The speaker chosen to address the issue was Asma Khalid. Khalid, a journalist who spent much of 2015 and 2016 covering the presidential election for NPR and Boston’s WBUR-FM, helped found NPR’s Politics Podcast, and her work as a reporter focuses on the relationship between demographics and politics.
This year’s National Agenda Series, titled “As We Stand, Divided,” seeks to understand the disunity of the modern political landscape. Lindsay Hoffman, the associate director of the Center for Political Communication and director of the National Agenda Series, hosted the event and gave a brief introduction prior to Khalid’s speech on Wednesday.
“2017 brings us into an era of great discord, overt racism, brutal violence and the seeming inability to bridge our differences,” Hoffman said. “But I truly believe that it’s possible, because that’s what we do here at national agenda. We demonstrate model civil dialogue so that you can bring it into your own conversations.”
In the wake of the 2016 presidential election, Khalid wrote a popular essay titled “What It Was Like as a Muslim to Cover the Election,” wherein she recalled her experiences traveling the nation talking with voters. Khalid’s essay analyzes and evaluates how being a Muslim woman during a divisive political campaign made her vulnerable to discrimination.

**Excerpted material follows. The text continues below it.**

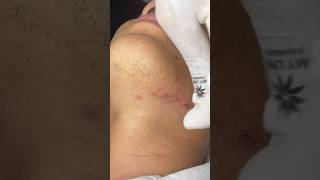 New inflamed pimple #skincare #satisfying #acne #shortvideo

Khalid prefaced her lecture by sharing her life story as it pertained to religious divides. She had grown up in a small Indiana steel town and never noticed any discrimination or differential treatment because of her family’s religion. Khalid claims that the September 11 attacks in 2001 did not cause any great changes for Muslim relations in America.

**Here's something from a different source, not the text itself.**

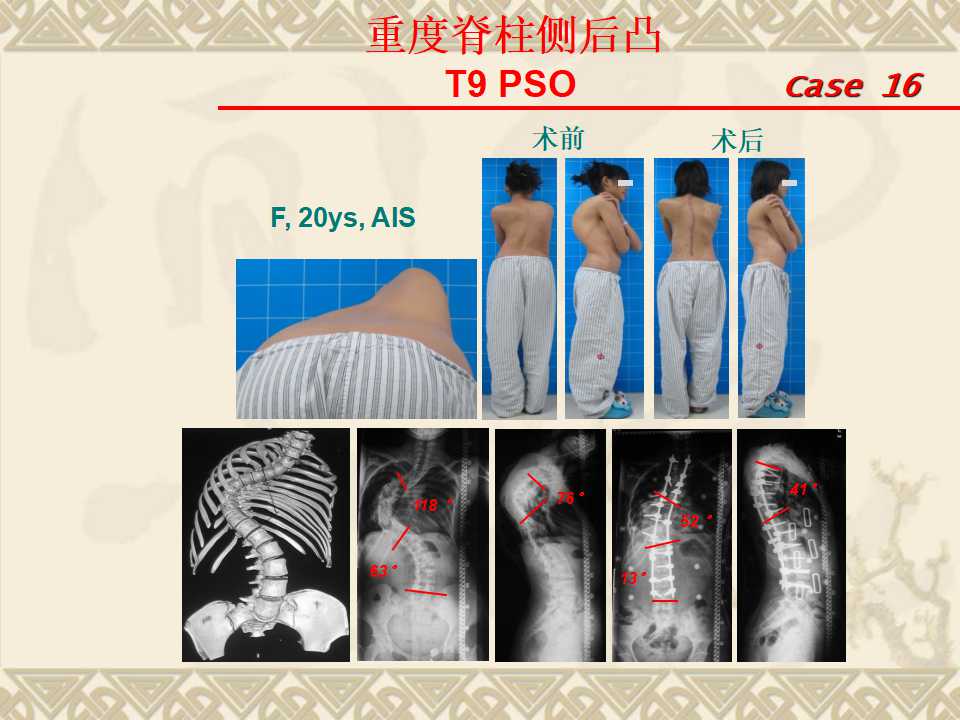 脊柱侧弯的治疗方法及对策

“Its funny to look at that moment in history as a sort of divisive point, because if you look back, many of us who are Muslim felt we were treated extraordinarily well by our neighbors,” Khalid said. “So again, it was really no big blip.”
Jumping ahead to 2016, Khalid explained that she believed Muslims had made great progress in the political realm. Khalid pointed out how in 2008 it was controversial for Muslim women to simply appear on television standing behind then-Senator Barack Obama. In 2016, Khalid noted that politicians were making great effort to reach out to the Muslim vote.
While Khalid applauds the growing acceptance of Muslims into politics, she perceives that many Muslims, including herself, experienced discrimination during the 2016 presidential campaign. Khalid related one particularly memorable incident when she personally felt threatened because of her religion.
In a white working class neighborhood in South Columbus, Ohio, Khalid joined a camera crew going door-to-door conducting interviews. While interviewing a woman on her front porch, Khalid received verbal abuse from the woman’s mother. The mother loudly shouted to her daughter to make the camera crew leave. Khalid played an audio tape recording the woman yelling at her to leave solely on the basis of her being a Muslim.
“You could hear her in the background saying, ‘There’s a Muslim on my property! This is even more ridiculous!’ and she was just so upset,” Khalid said. “I was really numb.”
Khalid claimed that she did not become emotionally upset by this hostility. She did admit, however, that the buildup of frustration with discrimination and the busy weeks working with little sleep did cause her to breakdown and cry. NPR reported that Khalid was also bullied on Twitter during the campaign. She said that this sometimes made it difficult to concentrate on her work.
The primary message of Khalid’s lecture focused on empathy. She advocated speaking with Muslims and understanding their experiences. Khalid hopes that by acknowledging other people’s humanity, Americans may overcome the religious divides in this country.
“When it comes to Muslim identity, I think one of the things that is really helpful is for folks to realize that there is a lot of diversity within the Islamic faith itself,” Khalid said. “You may know more Muslims than you think. You know, there are Muslims who are basketball players, there are Muslims who are actors. They are a part of American life already. I think it’s just convenient to pretend that those Muslims aren’t there.”